# Dunalastair House, Scotland - January 2018



## Brewtal (Feb 18, 2018)

Dunalastair House is easily my favourite ruin. There is something about it, it is just so beautiful and could easily be something from a fairy tale. I have been meaning to visit for years, and after a fail at Sunnyside I made the 50+ mile drive over here. I am glad I set off when I did, caught it just before the sun started setting.

Some copied and pasted history:

"Dunalastair Estate originally belonged to the Robertson family whose clan lived in and around this area. The clan name is Donnachaidh and there is a clan society of this name. Clan Donnachaidh names include Robertson, Duncan and Reid to name but a few.
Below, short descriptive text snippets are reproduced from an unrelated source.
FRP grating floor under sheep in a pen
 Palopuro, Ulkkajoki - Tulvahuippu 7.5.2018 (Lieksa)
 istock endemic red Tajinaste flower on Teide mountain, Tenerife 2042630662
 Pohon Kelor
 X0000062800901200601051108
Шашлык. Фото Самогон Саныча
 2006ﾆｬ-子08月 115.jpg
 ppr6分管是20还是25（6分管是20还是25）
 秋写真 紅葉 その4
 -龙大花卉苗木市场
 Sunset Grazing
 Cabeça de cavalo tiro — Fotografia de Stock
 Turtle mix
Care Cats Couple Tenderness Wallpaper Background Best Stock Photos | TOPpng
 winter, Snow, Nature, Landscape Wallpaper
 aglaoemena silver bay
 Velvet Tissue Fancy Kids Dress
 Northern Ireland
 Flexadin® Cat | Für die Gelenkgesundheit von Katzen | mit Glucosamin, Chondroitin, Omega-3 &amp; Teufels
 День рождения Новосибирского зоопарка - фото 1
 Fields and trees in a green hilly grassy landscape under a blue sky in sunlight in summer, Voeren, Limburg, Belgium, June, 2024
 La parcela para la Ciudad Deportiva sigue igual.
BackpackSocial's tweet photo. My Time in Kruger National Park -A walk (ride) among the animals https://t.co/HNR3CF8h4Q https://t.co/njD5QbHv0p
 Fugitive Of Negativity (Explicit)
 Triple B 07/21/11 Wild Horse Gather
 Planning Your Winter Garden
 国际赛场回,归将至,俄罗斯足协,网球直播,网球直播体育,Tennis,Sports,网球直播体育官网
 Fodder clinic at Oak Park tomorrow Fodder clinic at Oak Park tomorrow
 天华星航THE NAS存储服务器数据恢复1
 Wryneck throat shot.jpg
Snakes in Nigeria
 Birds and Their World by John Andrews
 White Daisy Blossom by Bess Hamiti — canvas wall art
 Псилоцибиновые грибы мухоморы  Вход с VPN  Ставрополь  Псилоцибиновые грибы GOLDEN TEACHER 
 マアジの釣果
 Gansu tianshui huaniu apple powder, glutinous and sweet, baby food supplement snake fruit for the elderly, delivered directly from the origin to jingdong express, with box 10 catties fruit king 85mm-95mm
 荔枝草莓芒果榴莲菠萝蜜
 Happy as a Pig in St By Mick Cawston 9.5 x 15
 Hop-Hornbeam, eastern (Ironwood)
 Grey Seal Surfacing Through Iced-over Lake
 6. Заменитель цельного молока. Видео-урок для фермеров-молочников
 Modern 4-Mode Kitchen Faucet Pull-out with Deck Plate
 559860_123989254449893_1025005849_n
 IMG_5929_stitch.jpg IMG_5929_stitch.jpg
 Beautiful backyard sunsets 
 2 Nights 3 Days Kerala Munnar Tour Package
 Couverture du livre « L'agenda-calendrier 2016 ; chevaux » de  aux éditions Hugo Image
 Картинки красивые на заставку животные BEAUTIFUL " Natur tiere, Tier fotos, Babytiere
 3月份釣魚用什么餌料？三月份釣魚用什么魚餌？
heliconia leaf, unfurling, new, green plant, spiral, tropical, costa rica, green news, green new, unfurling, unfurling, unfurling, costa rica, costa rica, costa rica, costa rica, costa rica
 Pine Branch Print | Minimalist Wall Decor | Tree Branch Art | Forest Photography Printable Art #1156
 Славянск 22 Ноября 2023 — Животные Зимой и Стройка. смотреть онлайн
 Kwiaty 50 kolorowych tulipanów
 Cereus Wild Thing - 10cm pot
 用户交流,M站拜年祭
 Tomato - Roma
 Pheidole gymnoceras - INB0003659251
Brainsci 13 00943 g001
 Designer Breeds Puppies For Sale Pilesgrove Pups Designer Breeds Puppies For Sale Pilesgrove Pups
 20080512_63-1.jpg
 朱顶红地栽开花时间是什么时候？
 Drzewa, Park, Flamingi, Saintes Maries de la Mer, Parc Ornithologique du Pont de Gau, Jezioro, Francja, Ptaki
The great poet chieftain, Alexander Robertson of Struan, a staunch Jacobite, lived in a house called the Hermitage which is thought to have been on the site of or near to the current (ruined) Dunalastair House. The Hermitage was destroyed by fire after the 1745 Jacobite uprising. A double tower house was built on the site in 1801 but was burned down accidentally in 1854.

The present house (now a ruin) was built in the 1860s when General Sir John Macdonald, who commanded the land forces in Scotland, owned the estate.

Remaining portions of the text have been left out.